Output, exactly as written, the lines below from the one that has "গীতমালা 91:13 BENIRV Bible Verse Image" through the one that has "Mormolucoides articulatus"; nothing else, and no pictures.

§ ENTRIES PROVIDED
= Beginning of Section =

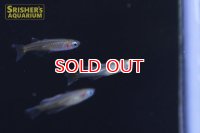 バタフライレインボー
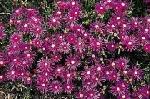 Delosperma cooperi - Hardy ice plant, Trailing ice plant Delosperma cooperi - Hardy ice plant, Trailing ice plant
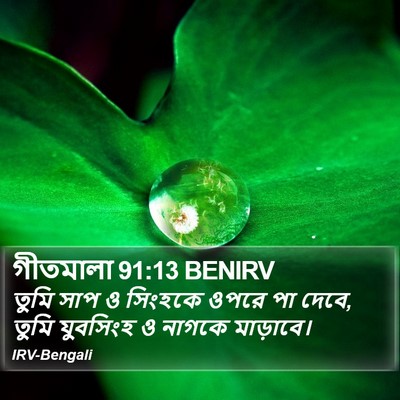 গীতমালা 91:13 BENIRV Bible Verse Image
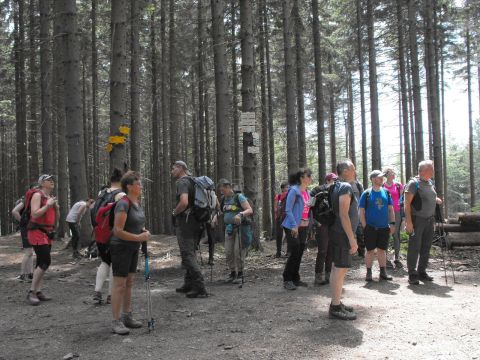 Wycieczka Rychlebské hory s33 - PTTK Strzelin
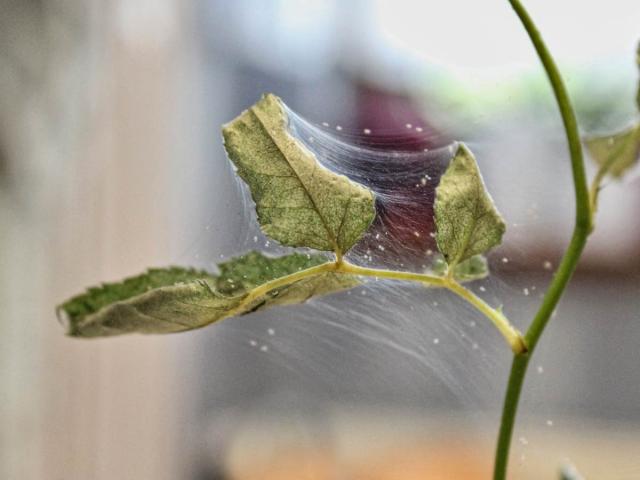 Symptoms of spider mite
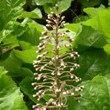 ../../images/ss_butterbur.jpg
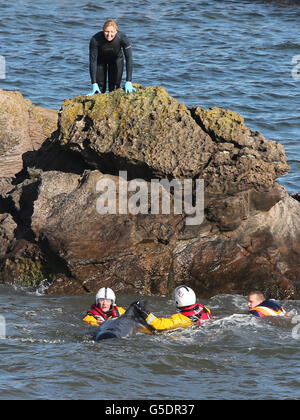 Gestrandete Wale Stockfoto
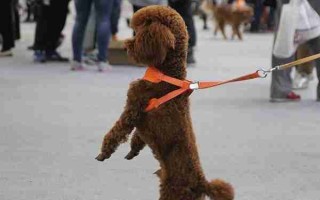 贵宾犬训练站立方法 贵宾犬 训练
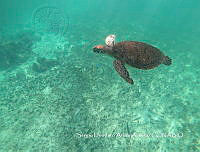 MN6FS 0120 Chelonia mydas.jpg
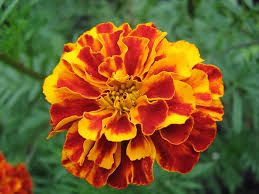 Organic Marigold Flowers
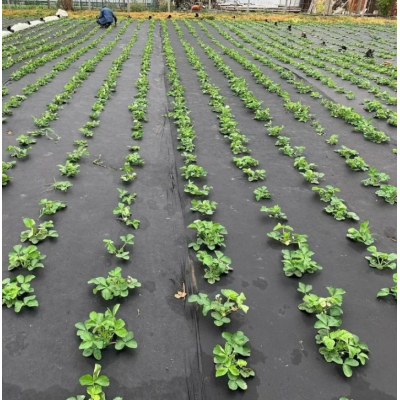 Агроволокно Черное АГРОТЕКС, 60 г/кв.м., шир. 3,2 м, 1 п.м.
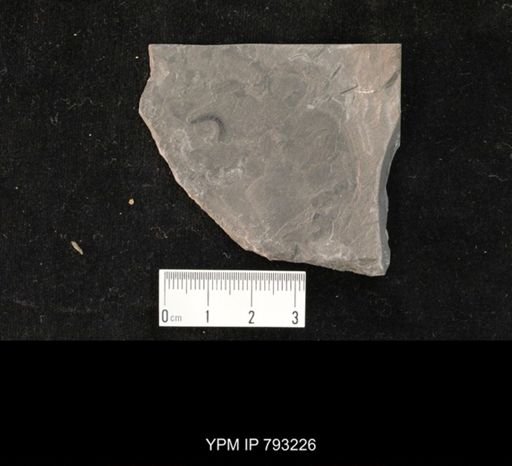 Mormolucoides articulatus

= End of Section =
= Beginning of Section =

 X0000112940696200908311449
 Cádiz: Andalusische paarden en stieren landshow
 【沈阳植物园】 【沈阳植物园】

= End of Section =

§ OUTPUT FOR THIS EXERCISE
 গীতমালা 91:13 BENIRV Bible Verse Image
 Wycieczka Rychlebské hory s33 - PTTK Strzelin
 Symptoms of spider mite
 ../../images/ss_butterbur.jpg
 Gestrandete Wale Stockfoto
 贵宾犬训练站立方法 贵宾犬 训练
 MN6FS 0120 Chelonia mydas.jpg
 Organic Marigold Flowers
 Агроволокно Черное АГРОТЕКС, 60 г/кв.м., шир. 3,2 м, 1 п.м.
 Mormolucoides articulatus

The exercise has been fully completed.